Thank you for your answer in detail. I could find out error in my code through your answer.

"Since “AAA” does have a parallel loop, it may be beneficial to declare “AAA” as a “routine vector” and then use “acc loop vector” instead of “seq”. You would then also remove the “vector” from the outer “parallel loop”. Basically pushing the vector level parallel dimension into the routine.

Granted, this may or may not be beneficial to performance. It largely depends on the size of the loops. For example if “npn1(i)” is less than 32, you would want it run sequentially. Though it’s easy to experiment so worth a try."

→ Thanks for this comment. I tested by increasing the npnl(i) size ranging from 1~300 and found out that there is a tradeoff between another subroutine. However, as AAA is the most time-consuming subroutine, it is beneficial to parallelize the inner loop.

“Note that calling routines on the device can have a negative impact on performance. It takes about 150 registers to perform a call, thus lowering the occupancy. Also in order to support reductions inside of “routine vector” and avoid syncing threads, the vector length is lowered to 32. Instead, you’ll want to see if the routine can be inlined (via the -Minline flag).”

→ The -Minline flag helped speed up the simulation.

"The one issue is that you then put these variables in another “data copy” directive. This doesn’t necessary hurt, but it’s not doing what you expect. “copy” is really a “present_or_copy”, meaning if the data is already present on the device, which it is here, no copy is performed. Basically it’s a no-op.

Instead, you’ll want to use an “update device” directive after the arrays are initialized, to sync the device and host copies."

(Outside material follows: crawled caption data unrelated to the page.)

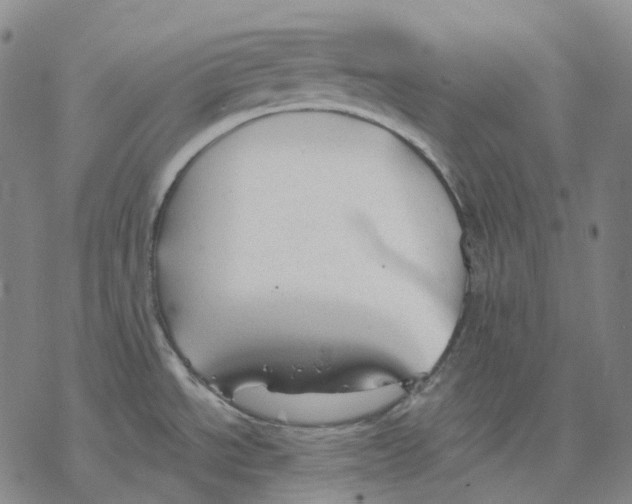 X0000076421534200610271655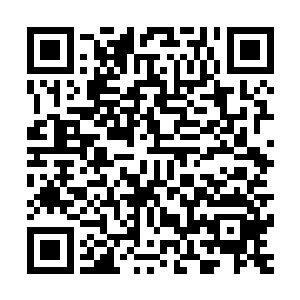 似乎完全就是某些身体器官的不良反应……可越是这样的诡异二维码生成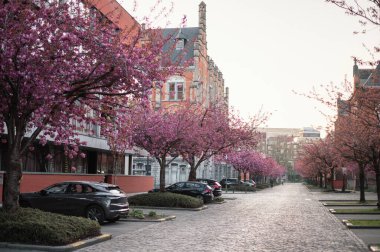 Gent, Belçika 'da büyüleyici bir kaldırım taşı caddesi boyunca çiçek açmış pembe kiraz ağaçlarının resimli bir sahnesi. Narin taç yaprakları rüya gibi bir bahar havası yaratır..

→ This was the error in my code. Thanks!

“One subtlety is that given these are allocatables, the device array data is implicitly allocated at the same time the host array is allocated. However if you’re using raw C pointers, then the “data create/copy” is needed to create the data since the “declare” would only be for the pointer itself. Though you’d want to be sure add the bounds info in the create. Hopefully this doesn’t cause confusion, but I wanted to explain a bit further on why you don’t need the data copy here. Fortran is a higher level language than C so the compiler can do more things implicitly.”

→ This was what I intended for Fortran code to do. I thought the “declare” would be the pointer-ish to the device.

Thank you again,
Yongsuk

This topic was automatically closed 14 days after the last reply. New replies are no longer allowed.